The North American anime distributor A.D. Vision (ADV Films) incorporated a feature on some of its DVD releases called "AD Vid-Notes," which provided trivia and cultural notes in pop-up bubbles when the feature was turned on. ADV-released shows incorporating the feature included Excel Saga and Magical Shopping Arcade Abenobashi.

A similar show is aired on the Argentine TV channel I.Sat. It is called Video Maní (peanut video), because the pop-ups are a 3-D rotating peanut. It features a series of true/false questions on things regarding the theme of the video, and after a few seconds it shows "true" or "false". As I.Sat is a movie channel, the videos are used as fill between movies.

Disney Channel occasionally uses Pop-Up styled videos during special airings of DCOMs, such as High School Musical 2 and Jump In!. These are referred to as the "What's What Edition".

The 2000 parody slasher Shriek If You Know What I Did Last Friday the 13th preceded the reveal with two protagonists being chased by the killer while a Pop-Up Video parody played to a cover of The Psychedelic Furs' "Pretty in Pink".

In 2001, Nick at Nite created Pop-Up Brady, which took select episodes of The Brady Bunch and added pop-up trivia notes collected by Woody Thompson from interviews with cast members. The NickMom series What Was Carol Brady Thinking? featured a Pop-Up Video-style format to show satirical thoughts of how Carol Brady regarded scenes during episodes of The Brady Bunch; this was a non-Spin the Bottle production and had no involvement from anyone with the Brady Bunch series, including Florence Henderson.
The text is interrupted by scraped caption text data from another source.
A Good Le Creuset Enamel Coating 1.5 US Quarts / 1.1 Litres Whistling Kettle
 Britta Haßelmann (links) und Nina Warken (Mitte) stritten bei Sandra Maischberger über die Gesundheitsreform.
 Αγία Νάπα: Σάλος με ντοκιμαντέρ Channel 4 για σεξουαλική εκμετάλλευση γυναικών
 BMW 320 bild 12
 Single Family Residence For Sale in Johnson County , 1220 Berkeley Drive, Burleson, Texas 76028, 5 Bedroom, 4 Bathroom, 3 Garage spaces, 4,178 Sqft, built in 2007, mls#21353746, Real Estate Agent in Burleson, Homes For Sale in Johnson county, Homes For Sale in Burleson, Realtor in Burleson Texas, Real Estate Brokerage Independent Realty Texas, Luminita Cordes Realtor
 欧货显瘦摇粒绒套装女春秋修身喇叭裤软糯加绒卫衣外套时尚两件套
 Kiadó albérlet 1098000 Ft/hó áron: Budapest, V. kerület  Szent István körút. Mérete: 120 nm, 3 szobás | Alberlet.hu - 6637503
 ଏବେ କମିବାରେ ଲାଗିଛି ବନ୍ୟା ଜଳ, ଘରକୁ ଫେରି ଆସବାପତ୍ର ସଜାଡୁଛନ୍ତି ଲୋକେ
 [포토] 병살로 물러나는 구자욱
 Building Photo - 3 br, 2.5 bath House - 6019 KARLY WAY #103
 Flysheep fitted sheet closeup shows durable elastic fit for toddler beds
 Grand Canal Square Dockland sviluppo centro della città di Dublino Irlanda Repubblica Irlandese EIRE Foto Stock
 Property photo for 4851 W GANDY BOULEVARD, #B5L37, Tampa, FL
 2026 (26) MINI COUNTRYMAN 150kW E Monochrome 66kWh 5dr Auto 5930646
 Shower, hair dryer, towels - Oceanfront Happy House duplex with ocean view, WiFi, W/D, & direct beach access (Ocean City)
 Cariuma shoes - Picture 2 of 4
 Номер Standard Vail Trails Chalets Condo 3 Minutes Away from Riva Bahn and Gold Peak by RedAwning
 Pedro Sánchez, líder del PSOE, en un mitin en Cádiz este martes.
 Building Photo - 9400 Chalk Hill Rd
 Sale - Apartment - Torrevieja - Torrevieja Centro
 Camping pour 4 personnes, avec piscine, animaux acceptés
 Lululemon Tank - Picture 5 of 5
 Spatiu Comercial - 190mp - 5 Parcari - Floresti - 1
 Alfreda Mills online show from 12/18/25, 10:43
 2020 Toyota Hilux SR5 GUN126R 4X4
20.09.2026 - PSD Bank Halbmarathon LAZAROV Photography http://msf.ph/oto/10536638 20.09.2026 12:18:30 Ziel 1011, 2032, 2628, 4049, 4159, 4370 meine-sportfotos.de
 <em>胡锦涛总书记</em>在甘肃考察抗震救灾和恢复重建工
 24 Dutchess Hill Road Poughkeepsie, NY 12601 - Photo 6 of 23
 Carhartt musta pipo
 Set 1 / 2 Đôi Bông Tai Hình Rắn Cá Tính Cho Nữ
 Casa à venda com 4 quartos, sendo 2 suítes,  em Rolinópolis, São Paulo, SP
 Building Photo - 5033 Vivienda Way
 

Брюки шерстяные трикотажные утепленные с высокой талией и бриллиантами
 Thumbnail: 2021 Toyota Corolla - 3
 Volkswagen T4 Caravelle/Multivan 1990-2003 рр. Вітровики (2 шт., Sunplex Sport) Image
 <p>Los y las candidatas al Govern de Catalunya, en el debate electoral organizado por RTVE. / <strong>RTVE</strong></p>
In 2006, NASCAR star Dale Earnhardt Jr. hosted Back in the Day with Dale Jr. which highlighted racing from the 60's and 70's with a Pop-Up Video style format.

At the end of the 2007 romantic comedy Music and Lyrics, the love story of characters Alex Fletcher and Sophie Fisher is epilogued in Pop-Up Video style, over the video for Alex and his old band's first hit, PoP! Goes My Heart".

In 2010, Nicktoons released a Pop-Up Video style format for all 61 episodes of Avatar: The Last Airbender entitled "Avatar Extras".

In 2014, HGTV released House Hunters Pop'd featuring families looking to purchase a home while trivia questions and facts pop up on the screen.